(Image-text web data)
┄┄┄┄┄┄

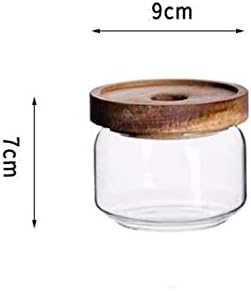 250ML 8.5OZ Glass Storage Container jars with Sealed Wooden Lids Glass Canister Kitchen Food Storage Containers for Coffee Beans Loose Tea Leaves Nuts Sugar Candy Spice Cookies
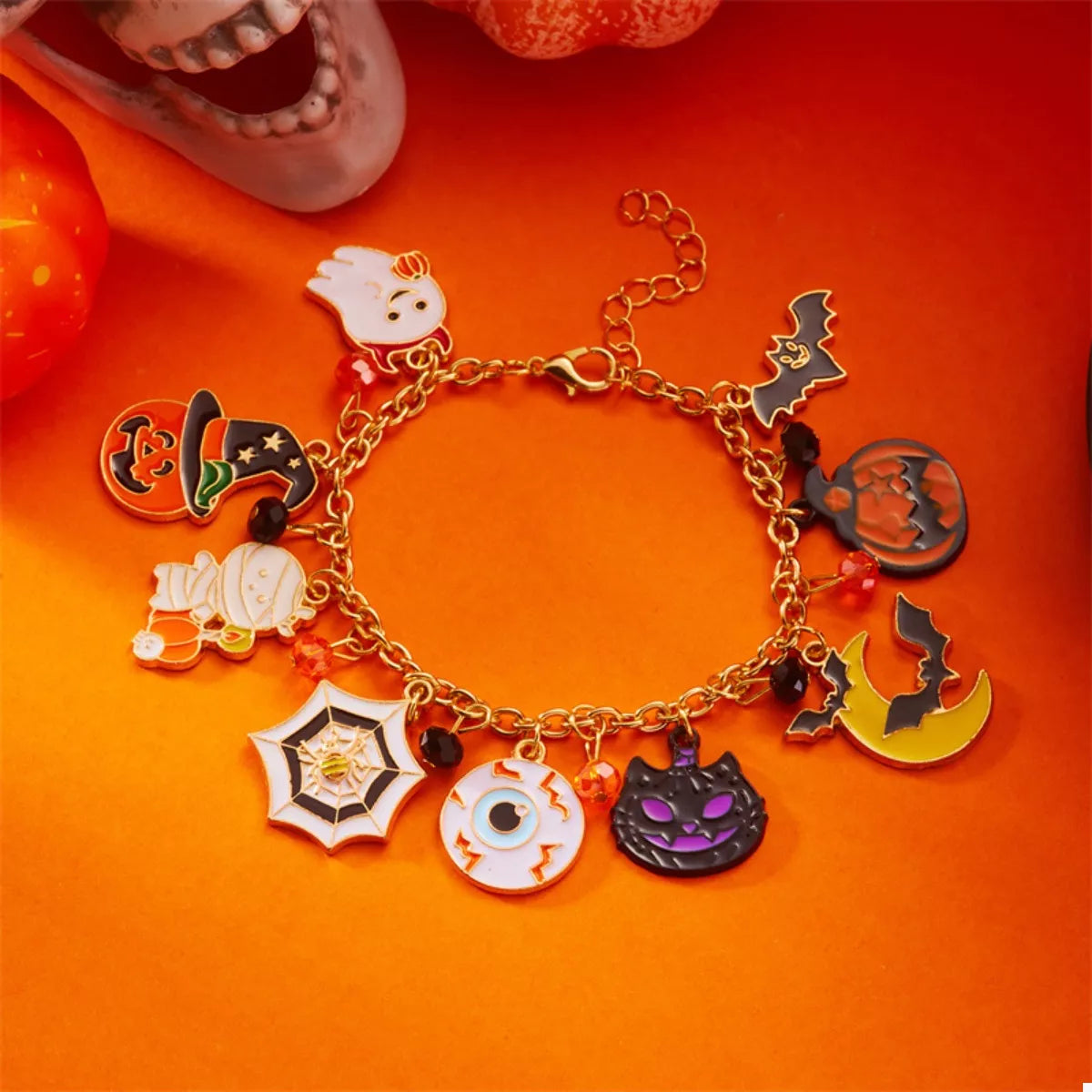Fashorio 18K Gold-Plated Halloween Charm Bracelet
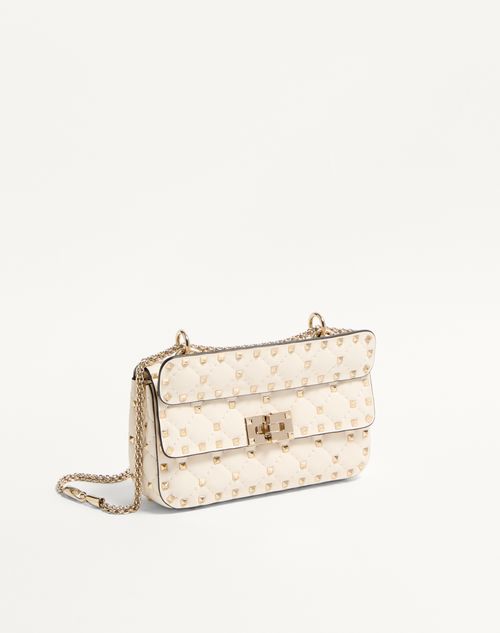 Valentino Garavani - Valentino Garavani Rockstud Spike Small Shoulder Bag In Nappa Leather - Light Ivory - Woman - Shoulder Bags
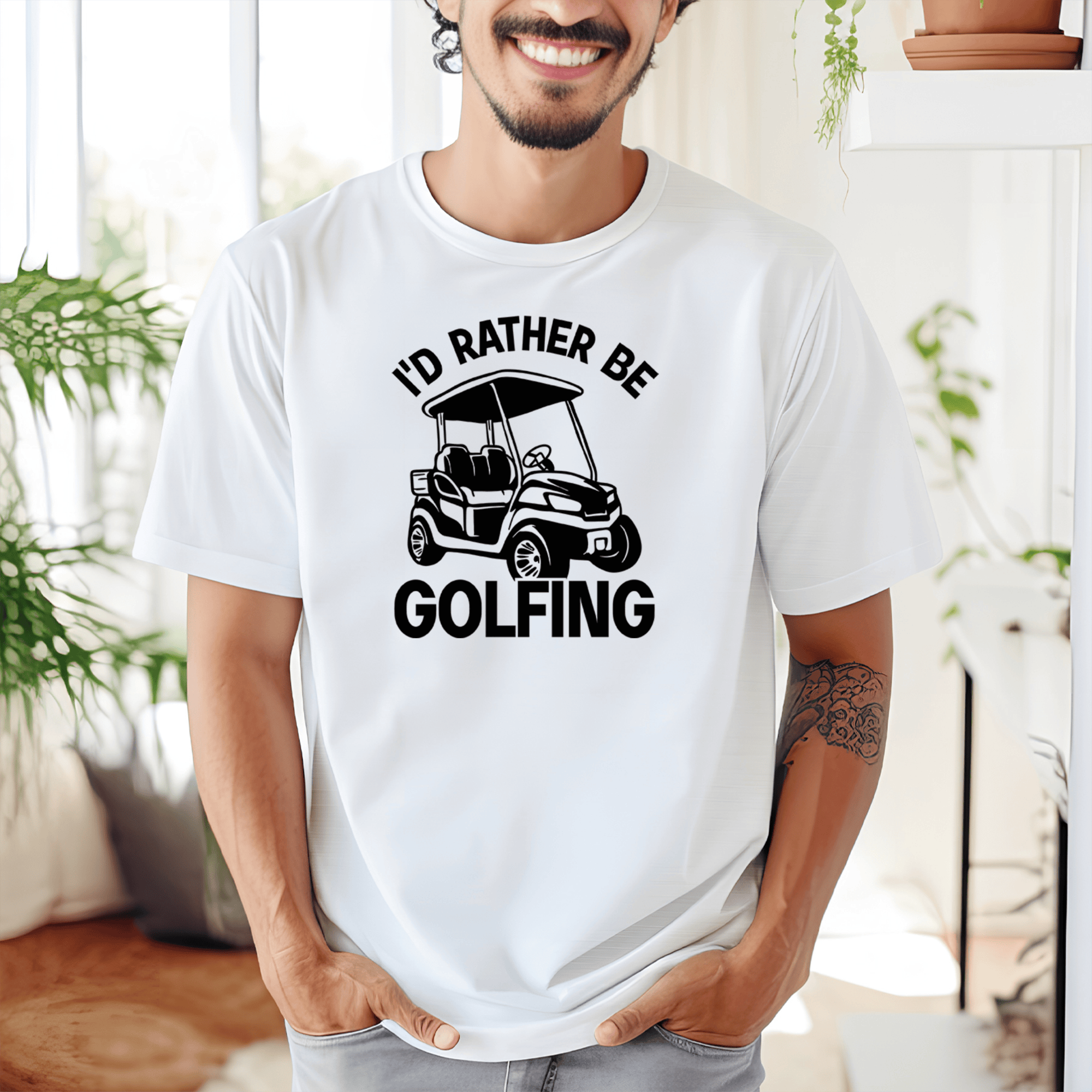 Golf Mens T-Shirt With Rather Be Golfin Design - Groovy Golfer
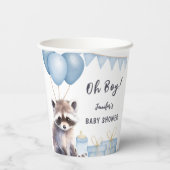 ウッドランドラクーン赤ちゃんシャワーかわいい男の子 紙コップ (裏面)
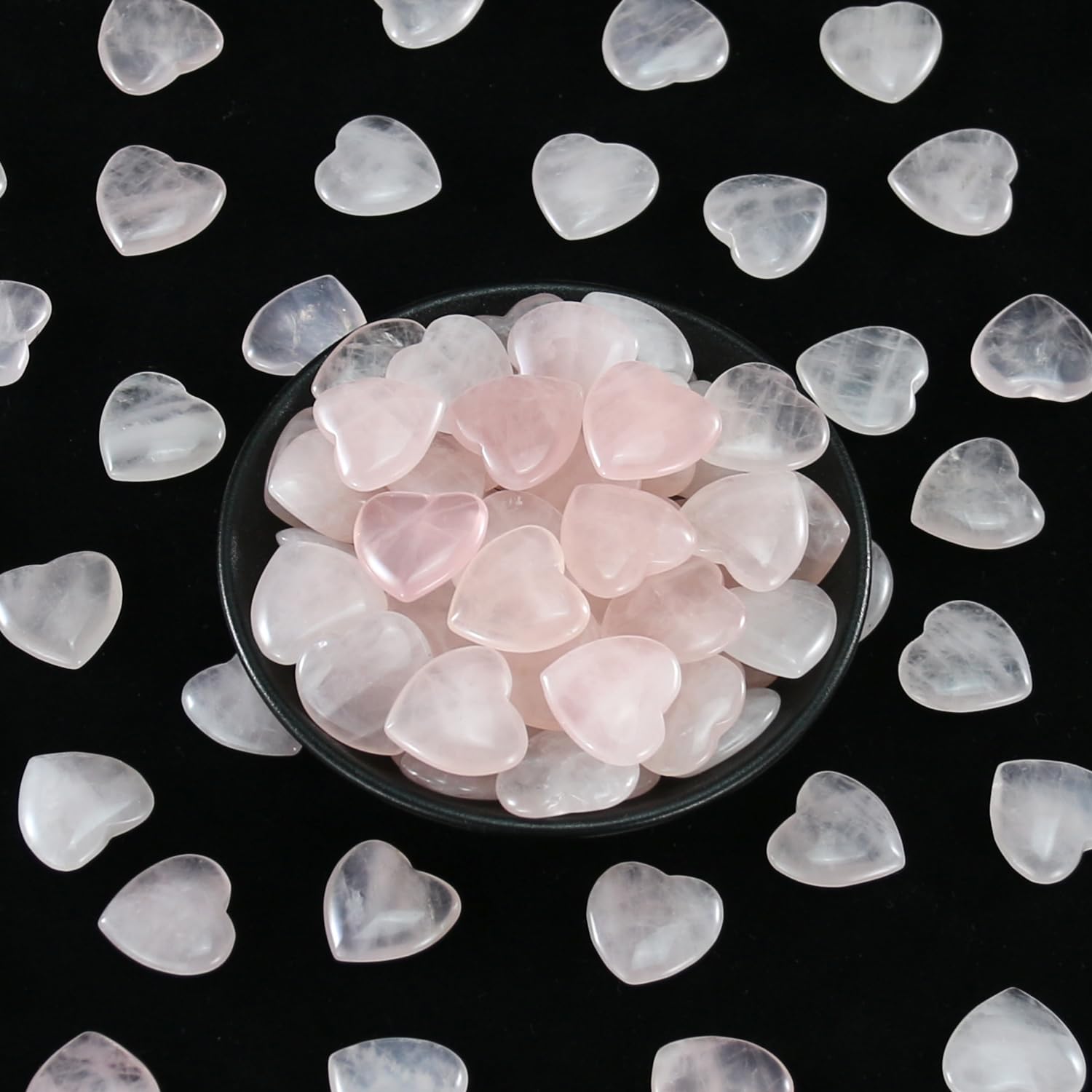 Nvzi rose-quartz-heart crystals for jewelry making and crafts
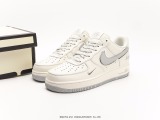 Nike Air Force 1’07 Lowwhitegreysilver classic Low -end leisure sneakers  leather white gray silver hook  Style:BM1996-033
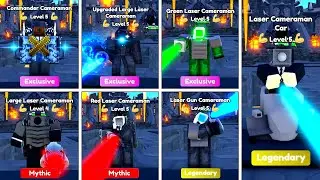 COMMANDER vs UPGRADED vs GREEN vs LARGE vs RED vs GUN vs CAR LASER CAMERAMAN 🔥| Toilet Tower Defense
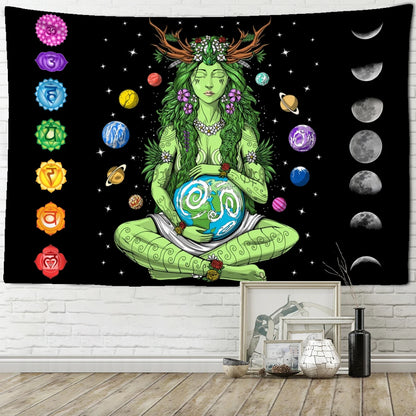 Green Girl Seven Chakra Tapestry
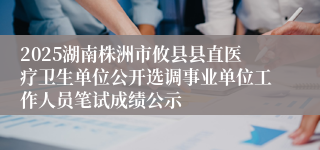 2025湖南株洲市攸县县直医疗卫生单位公开选调事业单位工作人员笔试成绩公示
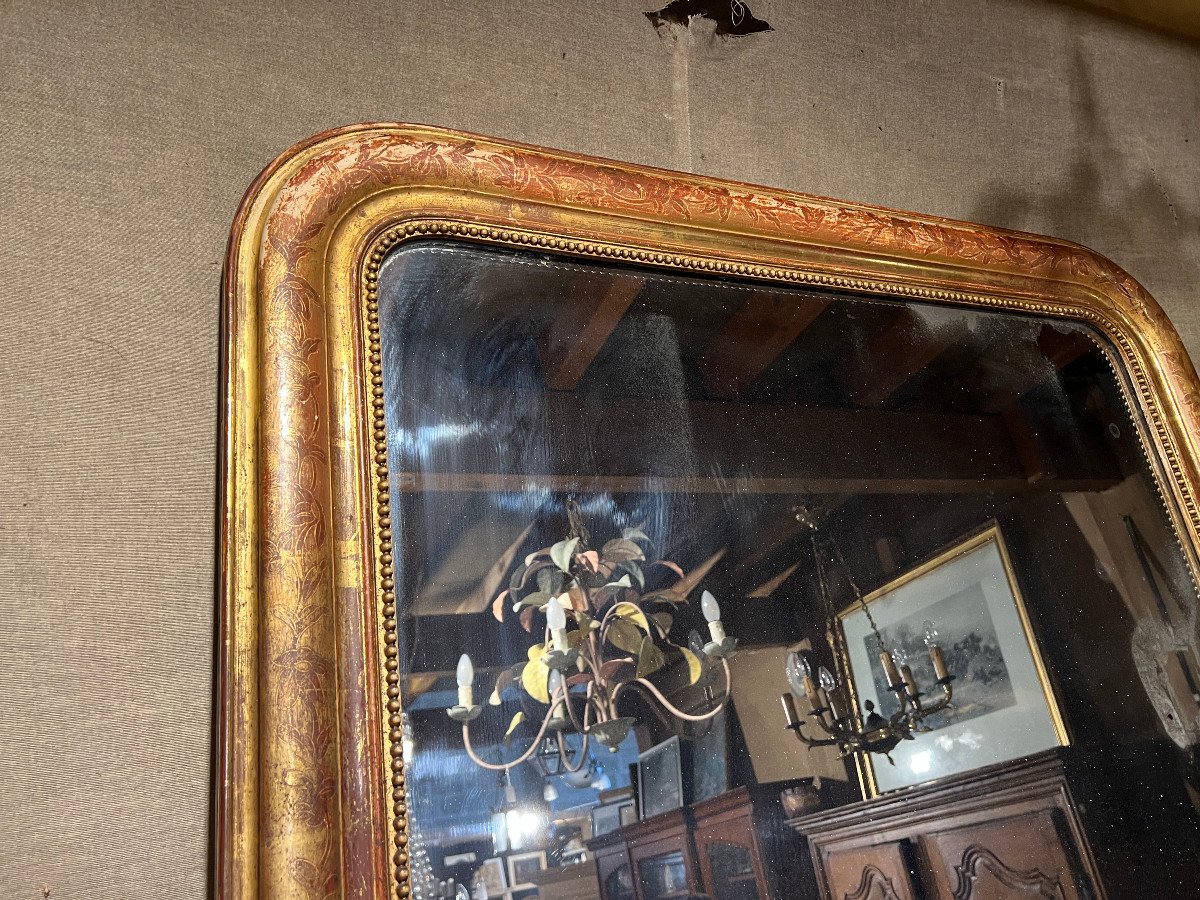 Large Mirror With Golden Bangle, Louis Philippe Period-photo-5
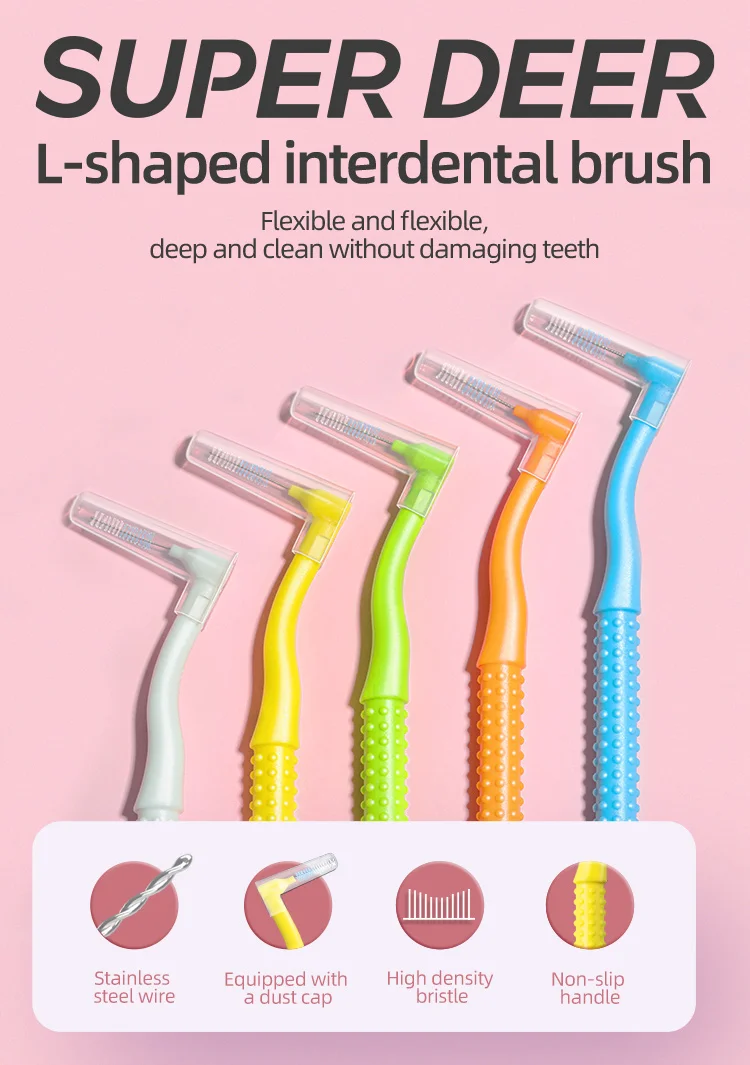 Super Deer 0,7-mm-L-förmiger Interdentalbürste mit weichen Borsten, Interdental-Zahnbürsten zur Reinigung zwischen den Zähnen, geeignet für Zahnspangen. – Detail 1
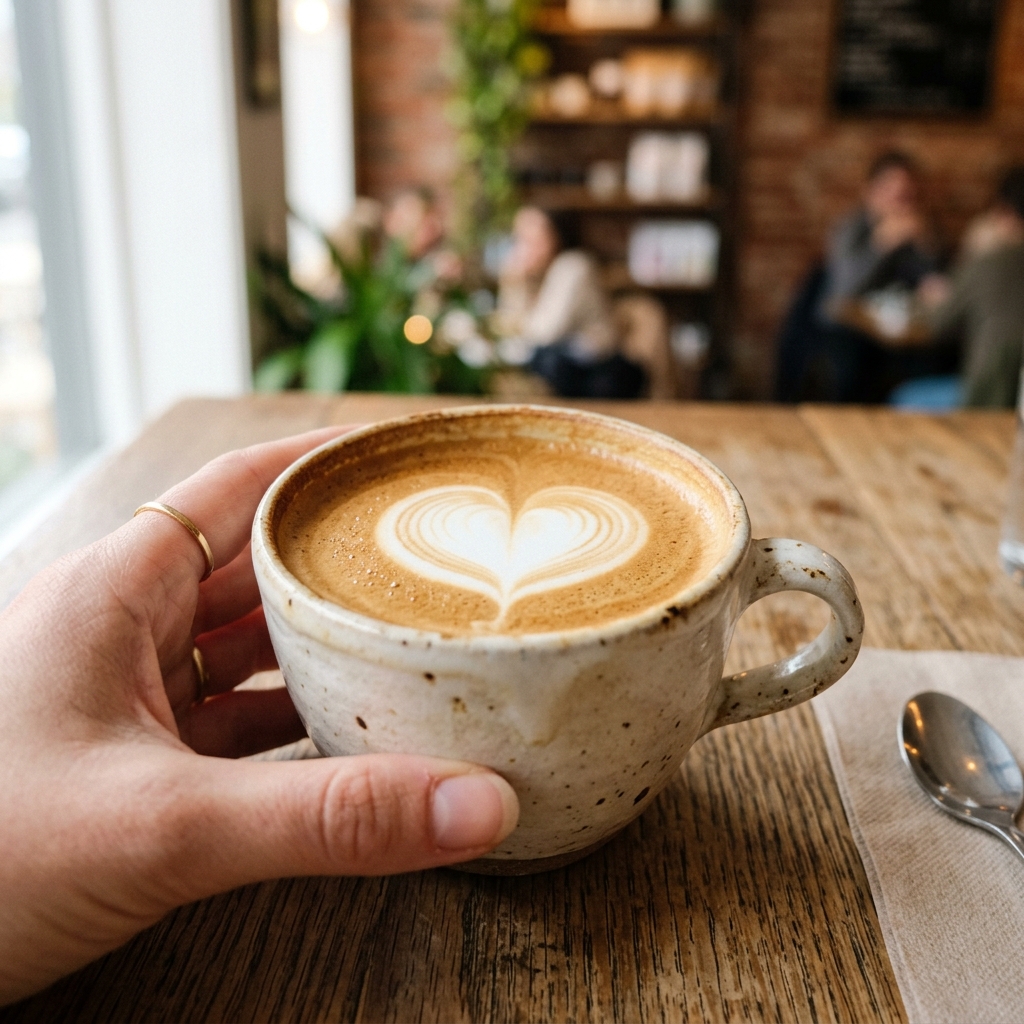Latte art heart in a handmade ceramic cup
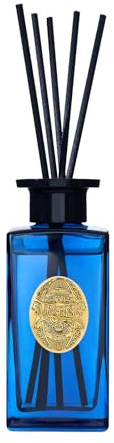 M&SENSE Lyxig doftspridare av vass 180 ml, eukalyptus mintdoftande med naturliga eteriska oljor, långvarig med 7 pinnar, giftfri hemdoft för sovrum, badrumsdekor, elegant glasflaska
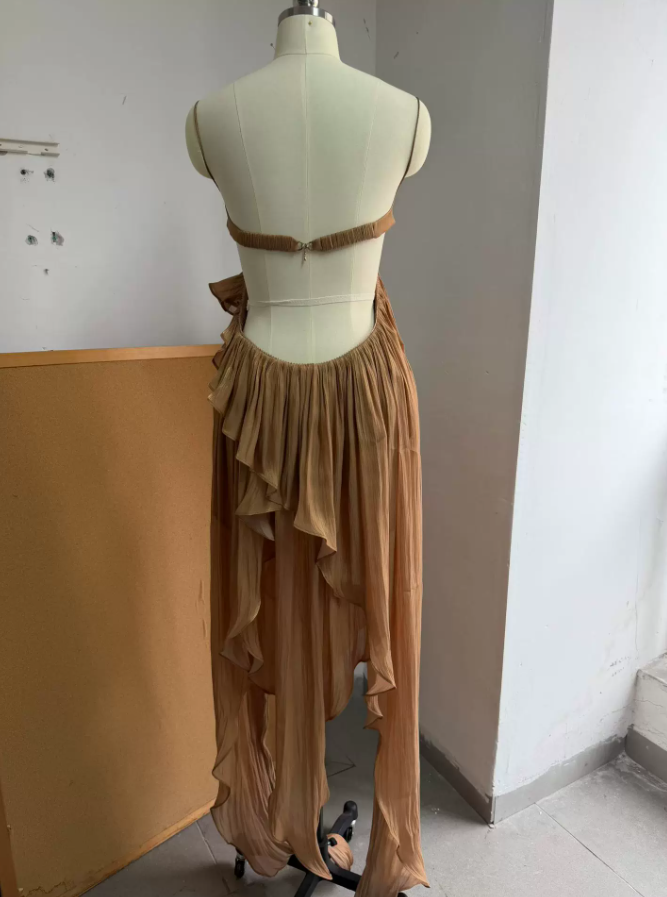 Flowy Spaghetti Straps Brown Homecoming Dress Ruffles Backless A-Line Party Dress C9353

┄┄┄┄┄┄

• _Task statement_: Exactly as written above, print every line of the data but not its pictures.

• _Result of this exercise_:
 250ML 8.5OZ Glass Storage Container jars with Sealed Wooden Lids Glass Canister Kitchen Food Storage Containers for Coffee Beans Loose Tea Leaves Nuts Sugar Candy Spice Cookies
Fashorio 18K Gold-Plated Halloween Charm Bracelet
 Valentino Garavani - Valentino Garavani Rockstud Spike Small Shoulder Bag In Nappa Leather - Light Ivory - Woman - Shoulder Bags
 Golf Mens T-Shirt With Rather Be Golfin Design - Groovy Golfer
 ウッドランドラクーン赤ちゃんシャワーかわいい男の子 紙コップ (裏面)
 Nvzi rose-quartz-heart crystals for jewelry making and crafts
 Nike Air Force 1’07 Lowwhitegreysilver classic Low -end leisure sneakers  leather white gray silver hook  Style:BM1996-033
 COMMANDER vs UPGRADED vs GREEN vs LARGE vs RED vs GUN vs CAR LASER CAMERAMAN 🔥| Toilet Tower Defense
 Green Girl Seven Chakra Tapestry
 2025湖南株洲市攸县县直医疗卫生单位公开选调事业单位工作人员笔试成绩公示
 Large Mirror With Golden Bangle, Louis Philippe Period-photo-5
 Super Deer 0,7-mm-L-förmiger Interdentalbürste mit weichen Borsten, Interdental-Zahnbürsten zur Reinigung zwischen den Zähnen, geeignet für Zahnspangen. – Detail 1
Latte art heart in a handmade ceramic cup
 M&SENSE Lyxig doftspridare av vass 180 ml, eukalyptus mintdoftande med naturliga eteriska oljor, långvarig med 7 pinnar, giftfri hemdoft för sovrum, badrumsdekor, elegant glasflaska
 Flowy Spaghetti Straps Brown Homecoming Dress Ruffles Backless A-Line Party Dress C9353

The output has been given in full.